Initialise a Spark cluster in Amazon with the following configuration

  1. emr-4.7.1
  2. Spark 1.6.1
  3. Hive 1.0.0
  4. Hadoop 2.7.2
  5. Hue 3.7.1
  6. Zeppelin-Sandbox 0.5.6
  7. Pig 0.14.0

The hardware configuration is as follows:

  1. Master - m4.xlarge instance
  2. Core - 4x m4.xlarge instance

After the cluster have started up, we need to copy the JSONs file to HDFS for Spark to consume.
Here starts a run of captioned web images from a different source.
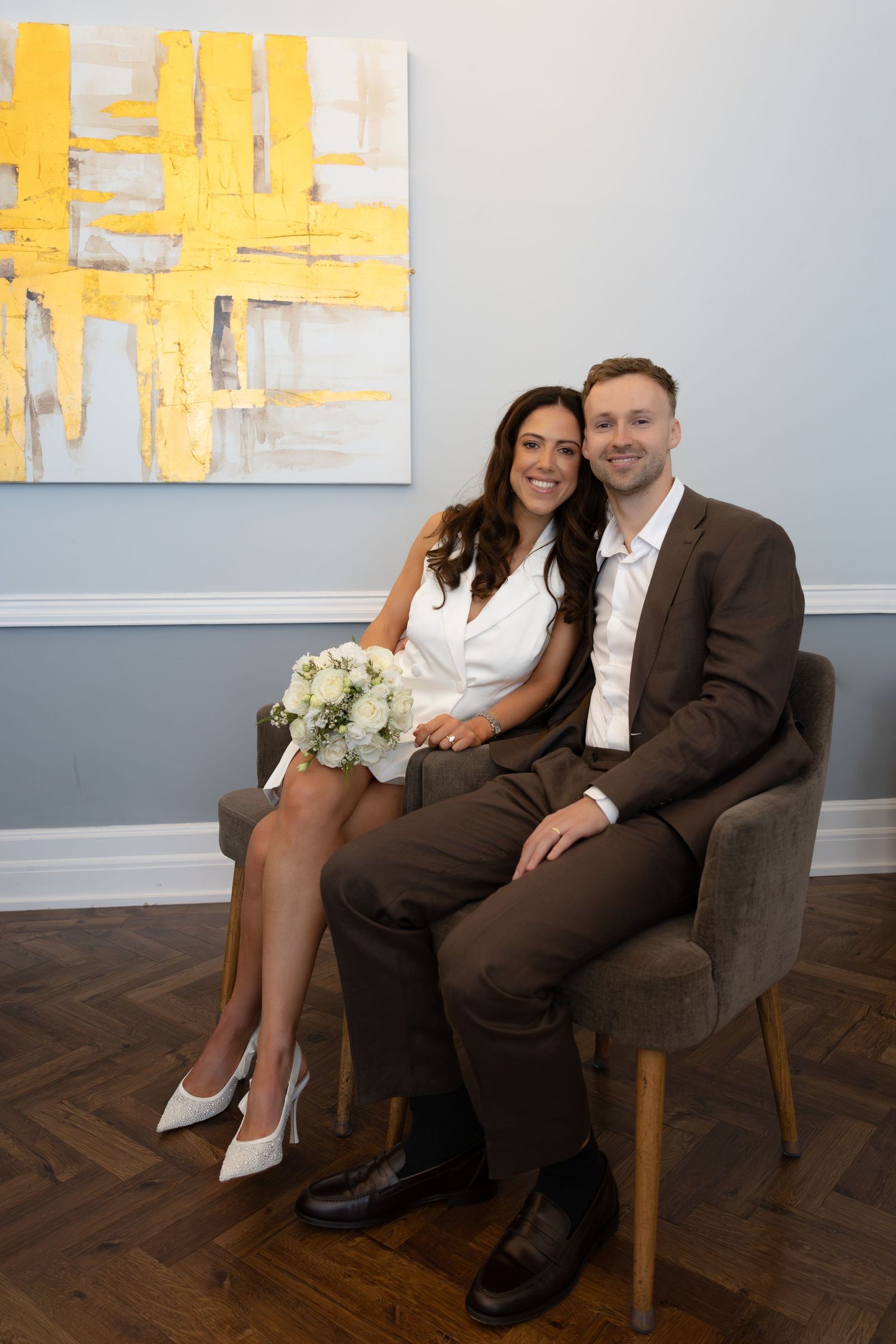 Couple in wedding attire sitting in a gray chair, woman in white dress with bouquet, man in brown suit, yellow abstract art behind.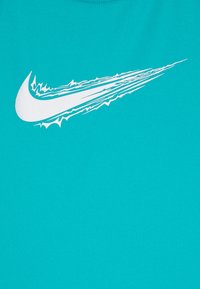 T-shirt de sport turquoise en tissu doux, arborant un grand logo Nike en blanc avec des accents dynamiques et marqués sur le côté gauche.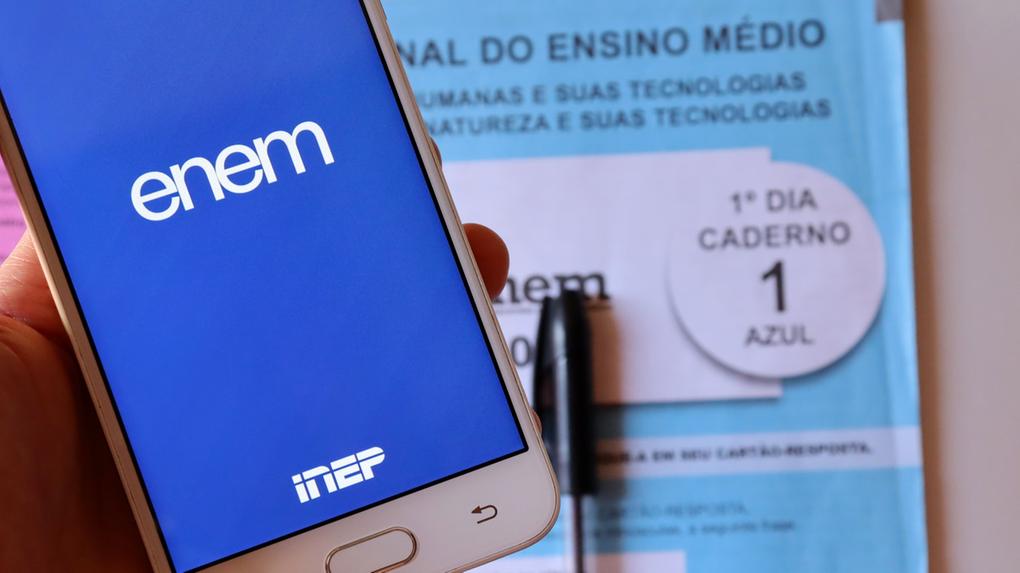 Imagem de um celular exibindo o aplicativo Enem do Inep. Em segundo plano, um caderno do Enem com detalhes de prova, ideal para estudantes do ensino médio.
Do the following (US version):

# Remember to use screen
hadoop fs -mkdir tweets
hdfs dfs -cp s3://chipotle-crisis/tweets_0.json tweets/tweet_0.json
hdfs dfs -cp s3://chipotle-crisis/tweets_1.json tweets/tweet_1.json
hdfs dfs -cp s3://chipotle-crisis/tweets_2.json tweets/tweet_2.json
hadoop fs -ls tweets

For Spark cluster based in Singapore, use the following:

# Remember to use screen
hadoop fs -mkdir tweets
hdfs dfs -cp s3://chipotle-crisis-sg/tweets_0.json tweets/tweet_0.json
hdfs dfs -cp s3://chipotle-crisis-sg/tweets_1.json tweets/tweet_1.json
hdfs dfs -cp s3://chipotle-crisis-sg/tweets_2.json tweets/tweet_2.json
hadoop fs -ls tweets

Download the Python code from GitHub:

wget https://github.com/chuajiesheng/twitter-sentiment-analysis/archive/4483cecf8d9663a21bf3a1db7f2bb9f019ad4c4e.zip
unzip 4483cecf8d9663a21bf3a1db7f2bb9f019ad4c4e.zip

Then start up Spark and run the sampling script. Note: I have realize that the rdd.takeSample return different sample on different machine.

# Note the hash
cd twitter-sentiment-analysis-4483cecf8d9663a21bf3a1db7f2bb9f019ad4c4e


# run Spark
pyspark 
execfile('step_1/scripts/instructional_sampling.py')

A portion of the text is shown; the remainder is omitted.